先建立一個IAM使用者，該使用者必須擁有4個權限分別是：
- AmazonTextractFullAccess: 可以呼叫Textract的所有API
- AmazonS3FullAccess: 因為分析的檔案會放在S3上，所以要有存取的權限
- AmazonSQSFullAccess＋AmazonSNSFullAccess: 如果要使用異步檢測，就需要這個權限，為了把分析成功的狀態由SNS通知給SQS
建立存取金鑰

在 ~/.aws/credentials 設定該金鑰

1
2
3

[default]
aws_access_key_id = YOUR_ACCESS_KEY
aws_secret_access_key = YOUR_SECRET_KEY

在 ~/.aws/config 設定區域
1
2
[default]
region=us-east-1

這樣在執行 boto3.client(‘textract’) 時就會根據設定的金鑰和區域來進行操作。

Textract 非同步處理

從Detecting or Analyzing Text in a Multipage Document - Amazon Textract 整體整個操作流程，從上圖可以看到，我們Client Application在呼叫Textract的StartDocumentTextDetection方法時：

Textract 會收到檔案分析的請求，根據請求內容找到S3上的檔案
開始分析，會回傳一個JobId讓使用者可以根據此JobId來檢索SQS中是否有Completion Status的JobId
- 如何給Textract發送SNS通知，需要設定相關權限，我們需要建立RoleArn (Textract) 的權限，讓SNS可以接收來自Textract的通知。
- 我們可以參考 Configuring Amazon Textract for Asynchronous Operations - Amazon Textract 需要先去建立一個Role，為了獲得RoleArn
SNS會通知SQS，SQS會將結果放到Queue中
- 需要先建立SNS Topic 和 SQS Queue, 並且 subscribe 建立的 queue 到 topic.
- 我們可以參考 Amazon SNS 入門 - Amazon Simple Notification Service 了解 SNS 的使用方式。
- 還可以參考 Subscribing an Amazon SQS queue to an Amazon SNS topic - Amazon Simple Notification Service 要讓SNS送訊息到SQS就需要先建立Topic和Queue，並且確保Queue有權限可以接受來自sqs:SendMessage的執行。

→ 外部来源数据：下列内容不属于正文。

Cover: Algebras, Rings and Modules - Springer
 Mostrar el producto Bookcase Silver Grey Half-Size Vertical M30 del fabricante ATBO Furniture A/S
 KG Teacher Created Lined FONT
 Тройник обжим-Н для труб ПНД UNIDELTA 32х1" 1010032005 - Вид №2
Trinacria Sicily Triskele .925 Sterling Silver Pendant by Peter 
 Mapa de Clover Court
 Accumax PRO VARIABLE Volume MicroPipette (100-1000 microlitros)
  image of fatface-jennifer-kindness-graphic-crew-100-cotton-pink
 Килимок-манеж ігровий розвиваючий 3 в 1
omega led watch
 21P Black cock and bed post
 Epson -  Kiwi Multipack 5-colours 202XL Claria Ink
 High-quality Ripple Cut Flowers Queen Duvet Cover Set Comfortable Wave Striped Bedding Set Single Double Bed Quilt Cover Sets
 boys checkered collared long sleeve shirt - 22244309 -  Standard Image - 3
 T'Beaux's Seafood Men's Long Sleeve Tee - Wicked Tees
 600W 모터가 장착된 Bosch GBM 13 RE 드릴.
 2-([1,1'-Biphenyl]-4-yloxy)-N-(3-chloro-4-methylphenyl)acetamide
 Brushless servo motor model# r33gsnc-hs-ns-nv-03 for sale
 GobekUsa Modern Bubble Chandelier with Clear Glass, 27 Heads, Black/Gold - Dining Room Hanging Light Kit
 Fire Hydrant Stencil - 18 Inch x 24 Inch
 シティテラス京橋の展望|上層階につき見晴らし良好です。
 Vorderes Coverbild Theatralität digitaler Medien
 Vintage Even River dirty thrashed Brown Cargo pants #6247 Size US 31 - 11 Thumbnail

（通常在SNS Subscribe後可以選擇要哪一個SQS，此時就會設定相關的Policy）。
Client Application會不斷的檢查SQS中是否有Step2回傳的JobId，如果有表示該Job已經完成，可以透過GetDocumentTextDetection來取得結果。
- 相關的回傳和請求內容格式，可以參考調用 Amazon Textract 異步操作 - Amazon Textract 裡面有說明發送請求的設定。
透過GetDocumentTextDetection取得結果後，就可以進行後續的處理。

Step2: 取得RoleArn

Ref: Configuring Amazon Textract for Asynchronous Operations - Amazon Textract

當異步操作完成時，Amazon Textract 需要獲得許可才能向您的 Amazon SNS 主題發送消息。您可以使用 IAM 服務角色，讓 Amazon Textract 存取 Amazon SNS 主題。創建 Amazon SNS 主題時，必須在主題名稱前加上AmazonTextract— 例如，AmazonTextractMyTopicName。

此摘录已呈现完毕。